Al versamento dell’acconto non si applica la maggiorazione dell’1% normalmente prevista per i contribuenti che optano per le liquidazioni trimestrali.

Per la determinazione dell’acconto si deve utilizzare alternativamente uno dei criteri illustrati nella tabella che segue:

Metodo

Determinazione dell’acconto Iva

Storico

Con questo criterio, certamente preferibile per la semplicità di calcolo, l’acconto è pari all’88% del versamento IVA dovuto relativamente:

  • al mese di dicembre 2015 per i contribuenti mensili;
  • al saldo dell’anno 2015 per i contribuenti trimestrali;
  • al 4° trimestre dell’anno precedente (ottobre-novembre-dicembre 2015), per i contribuenti trimestrali “speciali” (autotrasportatori, distributori di carburante, odontotecnici).

In tutti i casi il calcolo si esegue sull’importo dell’Iva dovuta al lordo dell’eventuale acconto versato nel mese di dicembre 2015.

Storico: casi particolari di variazione di regime

Se, a seguito della variazione del volume d’affari, la cadenza dei versamenti IVA è cambiata nel 2016 rispetto a quella adottata nel 2015, passando da trimestrale a mensile o viceversa, nel calcolo dell’acconto con il metodo storico occorre commisurare l’acconto come segue:

  • contribuente trimestrale nel 2015 che è passato mensile nel 2016: l’acconto dell’88% è pari ad un terzo dell’IVA versata (a saldo e in acconto) per il quarto trimestre del 2015; nel caso in cui nell’anno precedente si sia versato un acconto superiore al dovuto, ottenendo un saldo a credito in sede di dichiarazione annuale, l’acconto per il 2016 è pari ad un terzo della differenza tra acconto versato e saldo a credito da dichiarazione annuale;
  • contribuente mensile nel 2015 che è passato trimestrale nel 2016: l’acconto dell’88% è pari alla somma dell’IVA versata (compreso l’acconto eventualmente versato in dicembre 2015) per gli ultimi tre mesi del 2015, al netto dell’eventuale eccedenza detraibile risultante dalla liquidazione relativa al mese di dicembre 2015.

Analitico

(o delle operazione effettuate)

Con questo criterio, l’acconto risulta pari al 100% dell’IVA risultante da una liquidazione “parziale” e straordinaria, effettuata considerando le operazioni attive effettuate fino al 20 dicembre 2016, anche se non sono ancora state emesse e registrate le relative fatture di vendita, e le operazioni passive registrate fino alla medesima data.
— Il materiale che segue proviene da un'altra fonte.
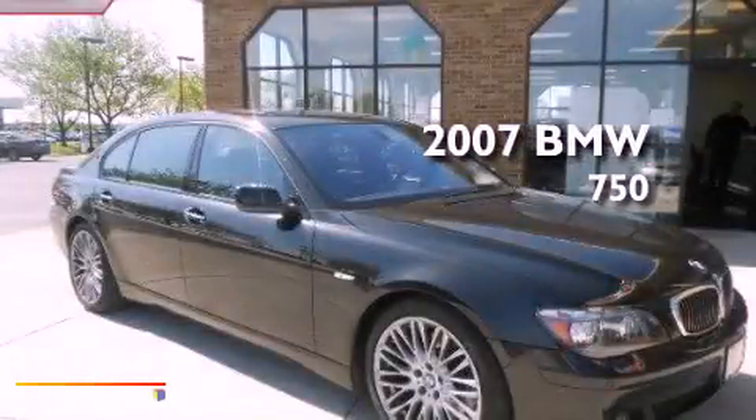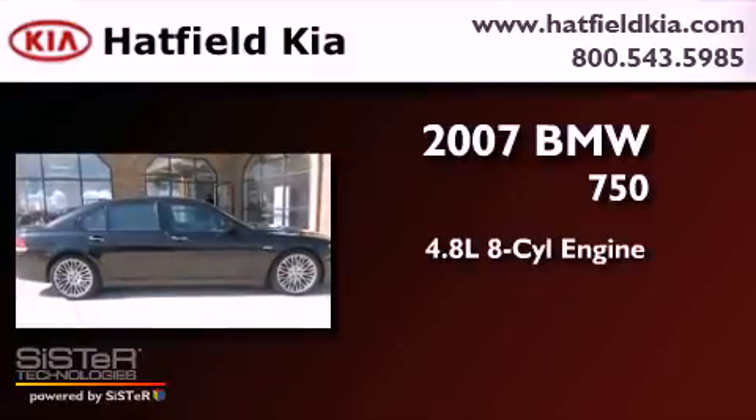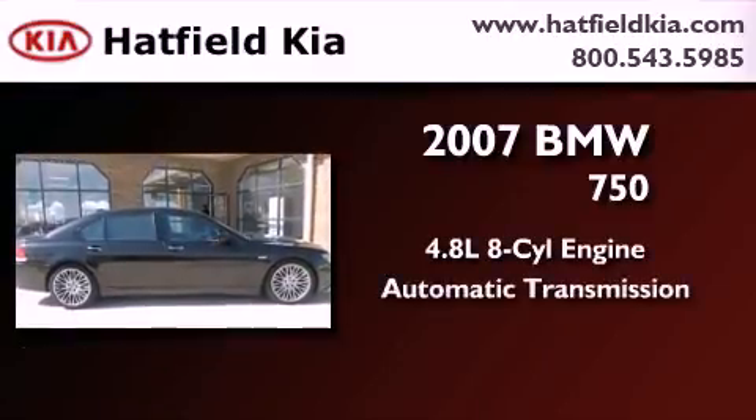This is a 2007 BMW 750. It has a 4.8-liter, eight-cylinder engine and an automatic transmission.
Tale metodo può essere conveniente per il contribuente a cui risulta un debito IVA inferiore rispetto al metodo storico.

Pre

visionale

Analogamente a quanto avviene nel calcolo degli acconti delle imposte sui redditi, con questo criterio l’acconto da versare si determina nella misura pari all’88% dell’IVA che si prevede di dover versare per il mese di dicembre dell’anno in corso per i contribuenti mensili o per l’ultimo trimestre dell’anno in corso per i contribuenti trimestrali. Anche tale metodo risulta conveniente per il contribuente nelle ipotesi in cui il versamento dovuto risulti inferiore a quello derivante dall’applicazione del metodo storico.

Naturalmente con questo metodo, contrariamente agli altri due, vi è il rischio di vedersi applicare sanzioni nel caso di versamento che risulta, una volta liquidata definitivamente l’Iva, inferiore al dovuto.